Those demoted aren't dragged away crying. Our protagonist does property damage
without apparent censure (one is left to suppose the screens get replaced,
eventually, while he's out, maybe or maybe not with a charge to his merit
account, similar to the way "detritus" is taken care of).

This is why I don't think there's much room for ambiguity re: whether the
outdoors at the end is real. If it's not then that's undercutting what's been
the key theme of the rest of the episode, of timid acquiescence to a very
_gently_ coercive system. If it's real then that's the punch line of the whole
thing—these people could just leave, and they don't because of some
combination of social norms, fear of the unknown, fear of losing what
(pointedly crappy and meaningless—the avatar skins and such) comforts they
have, and (one may assume) some soft but effective persuasion techniques that
might come up if they tried. Since assuming it's the latter is consistent with
the rest of the episode and makes it much stronger, it doesn't make much sense
that it'd be anything else or even be deliberately left ambiguous (why?).
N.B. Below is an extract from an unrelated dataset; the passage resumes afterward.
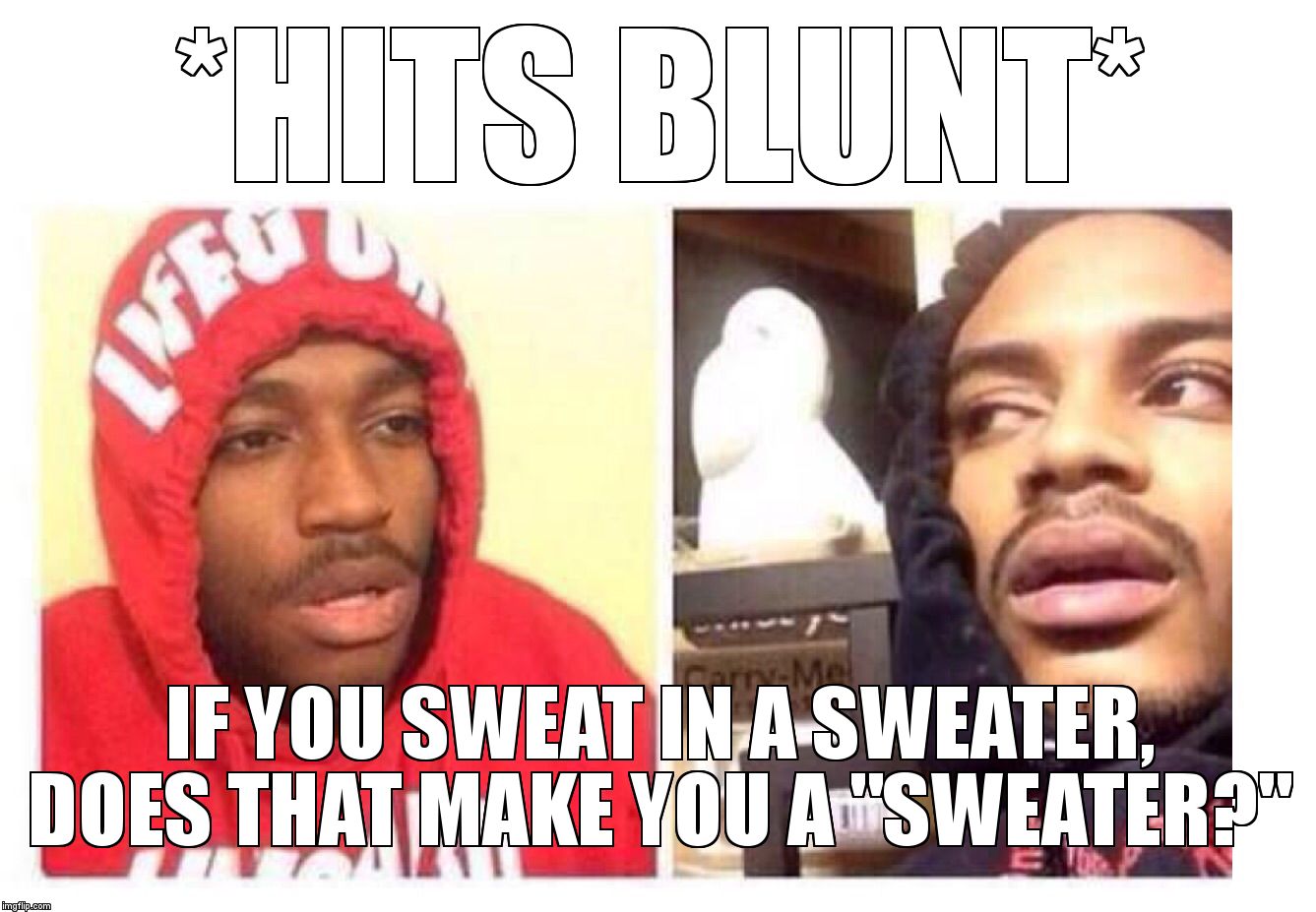 Hits blunt | *HITS BLUNT*; IF YOU SWEAT IN A SWEATER, DOES THAT MAKE YOU A "SWEATER?" | image tagged in hits blunt | made w/ Imgflip meme maker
It's all about how control and how a "trapped" state can occur absent anyone
waving guns around. With more than a little commentary on social class,
celebrity, electronic entertainment, and the hollowness of participation in an
economic system and society heavy on alienation (the bikes), along the way.

[EDIT] I just skimmed the first few minutes again because I remembered there
being a whole thing about fruit, and not only that, the opening's _full_ of
cartoony imagery of the green outdoors. The outdoors at the end is definitely
intended to be real, not fake or even ambiguous, unless we assume incompetence
on the part of the creators. It's the antithesis of the wholly false, not-
even-trying-to-look-real outdoors scenes that are all over the beginning,
which _did_ leave room to wonder what the world's like outside this
environment—the ending gives us the answer.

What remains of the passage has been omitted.